Мари, только что приехавшая из Парижа или Лондона, нагруженная книгами; или Инесс, отличавшаяся гордой, соколиной красотой, — она перебирала струны гитары и напевала какой-нибудь магический пассаж из фламенко; или сэр Харри, задумчиво рассуждавший о главах из истории Кипра, которые скрывало скучное и пыльное настоящее: о кишевшей пчелами отрубленной голове Онесейлоса, о коронации Беренгарии в Лимасоле[70], или о том чудаковатом царе Нео-Пафоса, что изобрел самый первый в истории вентилятор: он умащивал свое тело тирским маслом, которое очень нравилось его голубям, чтобы во время трапезы их трепещущие крылья овевали его прохладой.

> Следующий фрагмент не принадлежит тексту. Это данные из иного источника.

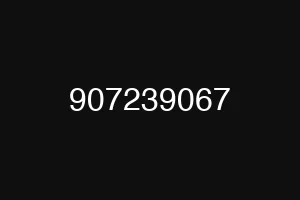 907239067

И, конечно, здесь всегда было аббатство, таявшее во тьме после того, как над горизонтом угасал последний чарующий отсвет, были тихие компании картежников и любителей кофе, которые допоздна засиживались под Деревом Безделья. Мы тоже ужинали здесь, при полной луне, погрузив босые ступни в темную траву, и наблюдали, как у извилистого берега перемигиваются огоньками суда, и как огромная бронзовая монета стряхивает с себя закатную дымку, медленно, точно выверенными шажками взбираясь в поднебесье и, словно пришелец из готического романа, зловеще отражается в окне-розе восточного портала аббатства. Здесь, в полосатой тьме, забрызганной озерцами фосфоресцирующего лунного света, мы гуляли и болтали, и запахи роз, вина и сигар смешивались с более скромным ароматом лаймов или с пахнущими примятым шалфеем дуновениями, долетавшими до нас с горного склона, из-за которого медлительно вздымался навстречу луне Буффавенто, похожий на кулак в кованой рукавице. И время от времени из окружавшего нас молчаливого сумрака возникала призрачная мелодия флейты, кажется, из пяти нот, нитью натянутая между сосен в тихом ночном воздухе.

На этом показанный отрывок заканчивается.